This is my unnamed little boy. Who admittingly i feel is beautiful! I love everything about this little guy! He has gained 34grams over the past 3 days! Now weighing 280grams! 



































Hope you enjoyed seeing all my babies! Its hard work but so far very worth it! Thanks


----------



## JRZL (Jul 10, 2009)

i LOVE puppy photos!!!
they are all so adorable! I think hopper and harvey are my favourite, they have such loverly markings! They all do!

are they all smooth coat or do you not know yet?


----------



## OurCheekyChihuahuas (Nov 18, 2009)

JRZL said:


> i LOVE puppy photos!!!
> they are all so adorable! I think hopper and harvey are my favourite, they have such loverly markings! They all do!
> 
> are they all smooth coat or do you not know yet?


Thanks !! I love Hopper and the unnamed sable boy!  But Mimi may be the one for me !  

Im guessing they'll all be smoothcoats? Tiny & Hope are both smoothcoats! Theyre just going through a fuzzy stage  lol


----------



## rache (Nov 10, 2009)

Awwww Robyn I'm sooooo jealous, I want one!! I wouldnt be fussy as to which, anyone would do!!

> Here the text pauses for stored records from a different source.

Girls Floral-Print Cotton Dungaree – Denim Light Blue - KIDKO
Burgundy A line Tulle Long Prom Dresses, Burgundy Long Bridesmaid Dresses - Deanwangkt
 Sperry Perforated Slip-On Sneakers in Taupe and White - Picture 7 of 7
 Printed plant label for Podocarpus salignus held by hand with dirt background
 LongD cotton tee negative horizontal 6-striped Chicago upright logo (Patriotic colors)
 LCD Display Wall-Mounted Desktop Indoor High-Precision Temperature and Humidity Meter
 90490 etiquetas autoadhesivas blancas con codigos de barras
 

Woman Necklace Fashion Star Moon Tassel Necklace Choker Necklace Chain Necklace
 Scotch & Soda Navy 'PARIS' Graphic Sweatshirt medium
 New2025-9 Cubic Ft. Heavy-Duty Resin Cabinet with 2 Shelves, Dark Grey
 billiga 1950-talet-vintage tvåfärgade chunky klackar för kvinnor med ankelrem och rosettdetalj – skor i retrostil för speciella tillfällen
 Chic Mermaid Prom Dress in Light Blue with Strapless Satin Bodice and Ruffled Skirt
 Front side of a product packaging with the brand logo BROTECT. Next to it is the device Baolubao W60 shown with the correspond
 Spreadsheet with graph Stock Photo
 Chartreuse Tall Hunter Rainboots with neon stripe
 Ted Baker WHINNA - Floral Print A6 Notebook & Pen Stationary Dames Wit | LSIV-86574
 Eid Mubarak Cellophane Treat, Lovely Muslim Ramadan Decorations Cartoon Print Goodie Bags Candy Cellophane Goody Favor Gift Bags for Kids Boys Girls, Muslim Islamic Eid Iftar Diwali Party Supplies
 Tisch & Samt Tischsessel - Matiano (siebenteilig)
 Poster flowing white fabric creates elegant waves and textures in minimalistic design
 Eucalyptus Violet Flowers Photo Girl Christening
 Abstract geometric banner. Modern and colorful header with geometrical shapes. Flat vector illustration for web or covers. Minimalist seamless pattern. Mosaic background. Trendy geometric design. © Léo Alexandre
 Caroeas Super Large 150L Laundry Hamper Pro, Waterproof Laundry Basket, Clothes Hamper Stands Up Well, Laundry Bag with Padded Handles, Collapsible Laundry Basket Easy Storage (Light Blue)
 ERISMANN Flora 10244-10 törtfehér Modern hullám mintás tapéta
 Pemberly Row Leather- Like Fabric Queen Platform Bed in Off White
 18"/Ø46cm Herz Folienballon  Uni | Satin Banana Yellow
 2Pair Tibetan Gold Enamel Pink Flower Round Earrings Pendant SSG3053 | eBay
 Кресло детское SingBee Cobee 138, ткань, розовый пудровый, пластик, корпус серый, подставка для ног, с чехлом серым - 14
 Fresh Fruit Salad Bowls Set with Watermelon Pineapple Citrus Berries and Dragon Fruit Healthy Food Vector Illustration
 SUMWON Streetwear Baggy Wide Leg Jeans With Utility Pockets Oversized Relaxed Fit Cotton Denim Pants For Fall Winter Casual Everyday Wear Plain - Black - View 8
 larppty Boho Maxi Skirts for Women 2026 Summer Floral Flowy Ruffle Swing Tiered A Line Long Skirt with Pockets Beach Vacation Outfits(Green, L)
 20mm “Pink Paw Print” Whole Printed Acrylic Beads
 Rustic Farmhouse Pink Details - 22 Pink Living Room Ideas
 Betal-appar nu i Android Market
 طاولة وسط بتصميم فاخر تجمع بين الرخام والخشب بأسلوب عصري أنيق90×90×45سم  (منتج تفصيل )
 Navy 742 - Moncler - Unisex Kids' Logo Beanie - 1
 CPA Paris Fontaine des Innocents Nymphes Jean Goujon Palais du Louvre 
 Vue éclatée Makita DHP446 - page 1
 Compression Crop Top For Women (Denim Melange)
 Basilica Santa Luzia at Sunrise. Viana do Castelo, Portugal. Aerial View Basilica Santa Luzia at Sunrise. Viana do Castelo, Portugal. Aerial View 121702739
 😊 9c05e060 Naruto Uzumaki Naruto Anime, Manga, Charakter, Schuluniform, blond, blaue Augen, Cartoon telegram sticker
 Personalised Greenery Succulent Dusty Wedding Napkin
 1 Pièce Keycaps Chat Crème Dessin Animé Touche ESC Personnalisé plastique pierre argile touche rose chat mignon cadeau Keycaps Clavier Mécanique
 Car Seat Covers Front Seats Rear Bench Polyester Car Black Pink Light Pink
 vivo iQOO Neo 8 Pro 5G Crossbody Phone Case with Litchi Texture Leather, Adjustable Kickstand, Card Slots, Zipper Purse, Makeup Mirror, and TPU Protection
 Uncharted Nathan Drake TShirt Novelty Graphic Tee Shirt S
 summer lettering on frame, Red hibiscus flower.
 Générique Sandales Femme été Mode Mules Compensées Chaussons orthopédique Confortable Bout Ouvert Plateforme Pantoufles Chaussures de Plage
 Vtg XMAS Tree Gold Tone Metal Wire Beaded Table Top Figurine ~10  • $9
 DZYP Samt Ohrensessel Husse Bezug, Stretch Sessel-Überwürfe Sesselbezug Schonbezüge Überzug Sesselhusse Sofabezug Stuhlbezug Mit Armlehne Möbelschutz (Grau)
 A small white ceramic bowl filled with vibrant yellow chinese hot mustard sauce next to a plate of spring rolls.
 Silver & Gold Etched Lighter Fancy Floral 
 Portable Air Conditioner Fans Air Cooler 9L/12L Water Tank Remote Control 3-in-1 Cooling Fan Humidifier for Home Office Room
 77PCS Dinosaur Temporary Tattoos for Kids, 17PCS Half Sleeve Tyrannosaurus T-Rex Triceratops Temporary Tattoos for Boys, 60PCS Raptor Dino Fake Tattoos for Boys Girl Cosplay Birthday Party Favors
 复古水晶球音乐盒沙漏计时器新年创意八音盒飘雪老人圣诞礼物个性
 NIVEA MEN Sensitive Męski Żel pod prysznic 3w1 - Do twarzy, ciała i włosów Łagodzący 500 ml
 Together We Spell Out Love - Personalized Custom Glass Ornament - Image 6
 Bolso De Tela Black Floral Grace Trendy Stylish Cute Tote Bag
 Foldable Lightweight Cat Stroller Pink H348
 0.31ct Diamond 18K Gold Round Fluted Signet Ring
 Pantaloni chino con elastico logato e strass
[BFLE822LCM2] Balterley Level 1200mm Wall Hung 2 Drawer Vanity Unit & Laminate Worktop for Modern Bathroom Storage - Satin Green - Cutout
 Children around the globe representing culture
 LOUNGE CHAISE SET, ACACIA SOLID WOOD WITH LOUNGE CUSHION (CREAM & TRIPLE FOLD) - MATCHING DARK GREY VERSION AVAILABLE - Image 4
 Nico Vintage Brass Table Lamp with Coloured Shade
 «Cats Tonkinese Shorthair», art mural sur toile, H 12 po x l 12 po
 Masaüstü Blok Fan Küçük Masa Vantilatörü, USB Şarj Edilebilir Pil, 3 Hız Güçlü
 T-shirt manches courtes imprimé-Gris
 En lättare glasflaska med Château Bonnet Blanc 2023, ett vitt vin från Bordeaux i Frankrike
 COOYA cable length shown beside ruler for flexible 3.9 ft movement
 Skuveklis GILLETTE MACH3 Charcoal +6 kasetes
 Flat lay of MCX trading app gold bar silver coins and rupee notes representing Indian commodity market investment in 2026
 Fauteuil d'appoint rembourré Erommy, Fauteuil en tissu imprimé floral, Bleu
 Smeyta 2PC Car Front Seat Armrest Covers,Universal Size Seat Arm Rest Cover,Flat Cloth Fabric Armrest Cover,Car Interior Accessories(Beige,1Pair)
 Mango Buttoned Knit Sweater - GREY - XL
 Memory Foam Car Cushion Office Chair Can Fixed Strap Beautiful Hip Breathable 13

They are just perfect and doing well by the looks of things. How are you going to manage to find them new homes, i wouldnt be able to let any of them go!! lol 

Keep the updates coming xx


----------



## ekeeney (Mar 17, 2010)

I want them all!!! They are so so so cute!


----------



## OurCheekyChihuahuas (Nov 18, 2009)

rache said:


> Awwww Robyn I'm sooooo jealous, I want one!! I wouldnt be fussy as to which, anyone would do!!
> 
> They are just perfect and doing well by the looks of things. How are you going to manage to find them new homes, i wouldnt be able to let any of them go!! lol
> 
> Keep the updates coming xx


Thanks Rachel!! I want to keep them all! lol Especially Mimi & Hopper! Im thinking maybe to keep Mimi!! 
Its going to be hard, exhuasting and i can bet with many timewasters and day trippers! I dont mean that to sounds harsh! I remember with Fifis litter a family came to see them obviously no obligation to buy! And they stayed for about 8 hours they even Picnicked in my living room! Flasks, sandwiches everything! lol 

But anyway it'll all be worth it to watch them grow up!! Im so proud of them! 

Will try to!! Thanks again! xx


----------



## OurCheekyChihuahuas (Nov 18, 2009)

ekeeney said:


> I want them all!!! They are so so so cute!


Thank you!


----------



## chideb (Jan 29, 2008)

Wow, Robyn, you have made my day girl! I haven't seen so much cuteness at one time in one place in forever..lol I still can't get over Hope having 8 babies in one litter.. and they are just stunning. Without a doubt, Hopper is still my "pick" of the pups, but the last little unamed boy is a real charmer as well. He is a beautiful color pattern and his fur looks longer around his face than his littermates.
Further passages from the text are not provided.